KIRK (KIRKEBY), Gilbert (by 1484-1546), of Exeter, Devon.

Published in The History of Parliament: the House of Commons 1509-1558, ed. S.T. Bindoff, 1982
Available from Boydell and Brewer



Family and Education

b. by 1484. m. (1); (2), 2s. 1da.; (3) by 1532, Agnes, 1s. 2da., 1s. illegit.2

Offices Held

Bailiff, Exeter 1515-16, member of the Twenty-Four 26 Sept. 1524-d., receiver 1528-9, mayor 1531-2, 1539-40.3


All that is known of Gilbert Kirk’s parentage and origins is that he was not a native of Exeter. He served his apprenticeship under Robert Browne, was admitted a freeman in 1504-5 and settled in the parish of St. Mary Arches. In 1523 his goods were assessed at £350 for the subsidy and at the time of his death he owned a house in London. His success provoked the accusations against him which led to the temporary confiscation of his goods, and his leniency towards Protestants offended both Bishop Veysey and the recorder Sir Thomas Denys; yet John Hooker judged his civic career exemplary, its sole blemish being his wife’s quarrel with another woman over precedence.4

It was the second of two writs describing William Hurst and Thomas Spurway as disabled by sickness which led to the election of Kirk and John Pasmore to the Parliament of 1542, then in its second session. Although, like Pasmore, Kirk had the advantage of his own accommodation in London, he was given £4 towards his costs when he set out four days after the by-election. He was back in Exeter on 13 Apr., the day after Spurway (whom he had replaced) left the city to return to the Commons. After being allowed wages at 2s. a day for 14 days’ absence and a further 2s. for ‘a bill made by Mr. Stockley’, Kirk repaid the remainder of the £4 to the city’s receiver. He did not return to the Parliament.5

Both the Members whom Kirk and Pasmore had thus briefly replaced were to outlive them, Pasmore dying in 1544 and Kirk on 16 Mar. 1546. By a will made four days earlier and proved before the end of the month Kirk provided for his wife Agnes, for his children by his second and third marriages and for his bastard son Richard Bacyn.

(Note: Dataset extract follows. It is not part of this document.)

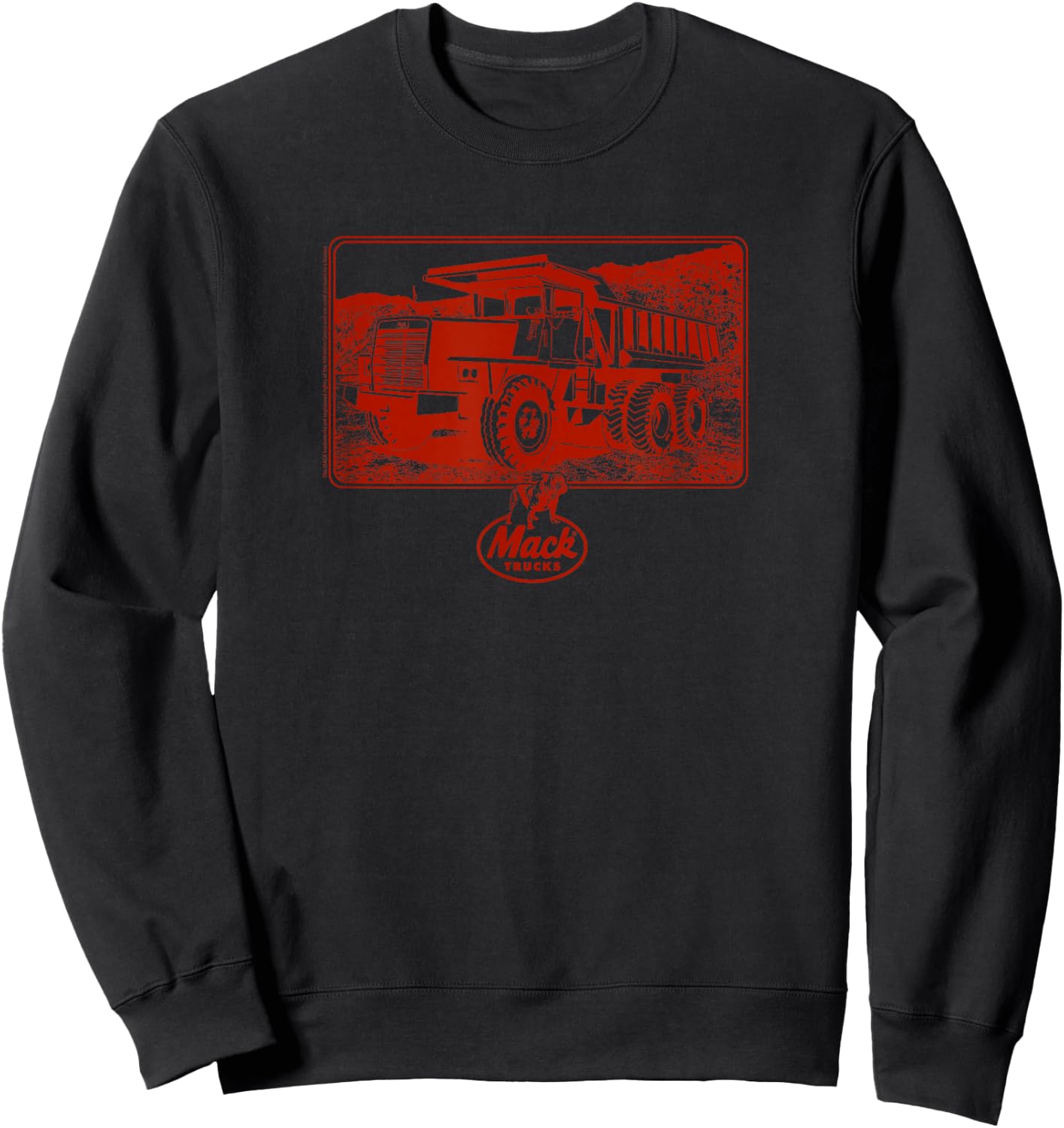 Mack Trucks Model Mining Duty Dumper Sweatshirt - Sweatshirt | Black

His heir was not his son Geoffrey by his second marriage but his 12 year-old son Thomas by his third, and on Thomas’s death his inheritance was divided between his two sisters. Kirk’s widow erected a tomb over his grave in the church of St. Mary Arches and afterwards married John Southcote I.6

Ref Volumes: 1509-1558

Author: A. D.K. Hawkyard


  • 1. Did not serve for the full duration of the Parliament.
  • 2. Date of birth estimated from admission as freeman. PCC 6 Alen; C142/74/29
  • 3. R. Izacke, Exeter (1681), 108, 115, 116, 120; LP Hen. VIII, xiii; Exeter act bk. 1, f. 105; 2, f. 75v.
  • 4. Exeter, Hooker’s commonplace bk. f. 345; W. T. MacCaffrey, Exeter 1540-1640, p. 257; Exeter Freemen (Devon and Cornw. Rec. Soc. extra ser. i), 64; E179/96/147; PCC 6 Alen; Trans. Dev. Assoc. lxiii. 376; lxx. 420; HMC Exeter, 361; J. Hoker, The description of the citie of Excester (Devon and Cornw. Rec. Soc. xi), 903, 916, 933.
  • 5. Exeter act bk. 2, f. 57v.
  • 6. C142/74/29; PCC 6 Alen; Exeter, Hooker’s commonplace bk. f. 345.